What the Research Finds
- Scientists at The Ohio State University discovered that edible mushrooms can be grown and then dehydrated, wired into circuits, and used as organic memory devices (memristors) that retain “past electrical state” information.
- These fungal memory devices were shown to switch between electrical states at up to ~5,850 signals per second with about 90% accuracy in tests. ScienceDaily
- The mushrooms were able to mimic some behaviours of semiconductor-based chips: storing information, changing conductivity/resistance based on past currents, and behaving like components in neuromorphic or “brain-inspired” computing systems.
- Researchers highlight other advantages: mushrooms are biodegradable, potentially low-cost, and require fewer rare-earth minerals compared to conventional semiconductors.
Why This Matters
- Sustainability: Traditional computing hardware relies heavily on rare-earth materials, intensive fabrication, and energy consumption. If fungi can serve as memory components, that could reduce environmental impact.
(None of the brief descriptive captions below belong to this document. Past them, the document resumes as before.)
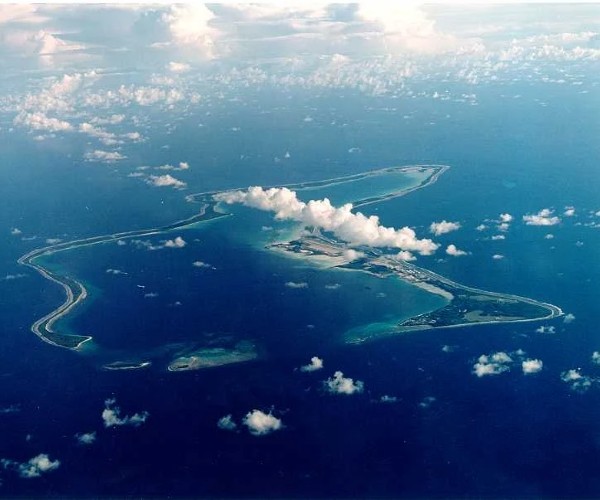 overseas strategically located island with military base aerial view 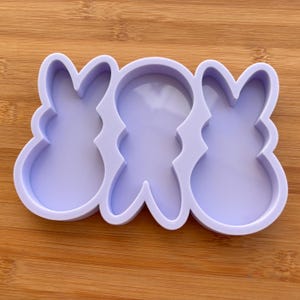 Può includere: Uno stampo a forma di coniglietto a tre cavità, di colore viola chiaro, per il fai-da-te. Lo stampo presenta un contorno continuo con tre forme di coniglietto distinte, perfetto per creare dolcetti o oggetti artigianali a tema pasquale.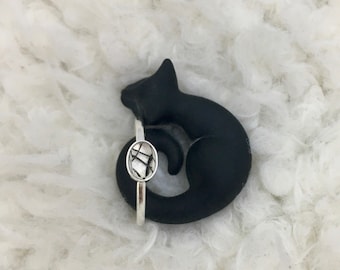 Puede incluir: Un anillo de plata con una piedra ovalada transparente engastada en una banda de plata. El anillo se muestra en una figurita de gato negro.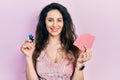 Young hispanic woman playing poker holding casino chips and cards smiling with a happy and cool smile on face Royalty Free Stock Photo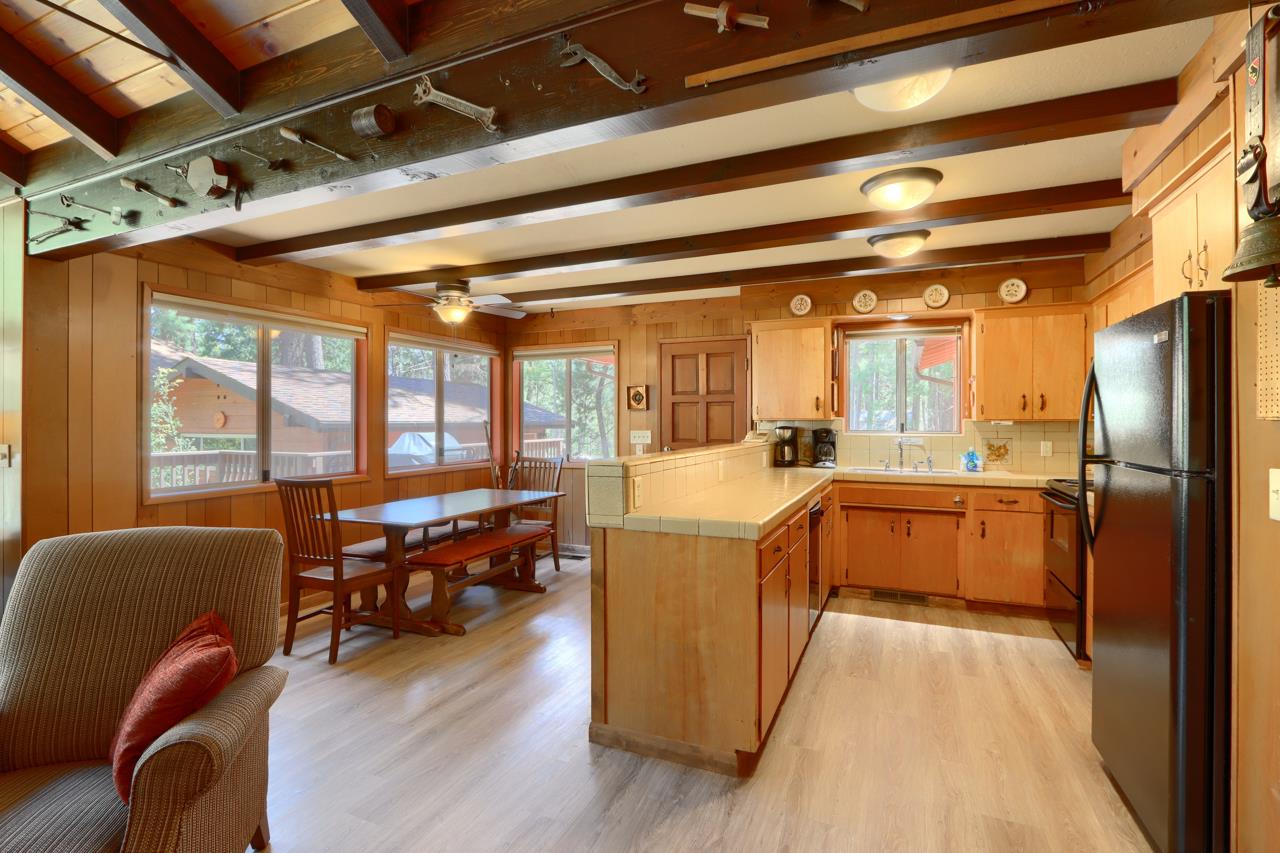 8067 Chilnualna Falls Road Wawona, CA 95389 - Photo 12 of 42 a kitchen with sink stove and refrigerator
- Novel computing paradigms: The memristive behaviour of mushrooms aligns with neuromorphic computing — architectures which behave more like brains (i.e., learning, adapting) rather than standard digital logic. This could open new directions in AI, edge computing, low-power devices.
- Resilience & adaptability: Fungi are known to survive in extreme environments, suggesting potential for rugged bio-electronics applications (e.g., space, harsh climates) where conventional chips may fail.
How Does It Work? (In Brief)
- Researchers grow fungal material (mushrooms, mycelium) under controlled conditions.
- The material is then dehydrated to stabilize it and wired into circuits: probes connect to different parts of the mushroom because different areas have different electrical characteristics.
- Electrical signals (voltages, various frequencies) are applied, and the mushroom’s resistance or conductivity changes based on the history of that applied voltage — that is the memristor behaviour.
- The switching between states can be used to store memory (like “1” and “0”) or modulate signals, though current speeds and densities are far lower than commercial chips.
Limitations & What to Watch
- Performance gap: Though ~5,850 state changes per second with ~90% accuracy is promising, it’s still far behind the speed, density and reliability of modern silicon memory chips.
- Miniaturization & integration: The fungal devices in experiments are relatively large and not yet integrated into full computing systems. Scaling down and integrating into chips remains a challenge.
- Durability & stability: While dehydration helps, long‐term reliability, stability under varying temperatures/humidity, and degradation issues need further study.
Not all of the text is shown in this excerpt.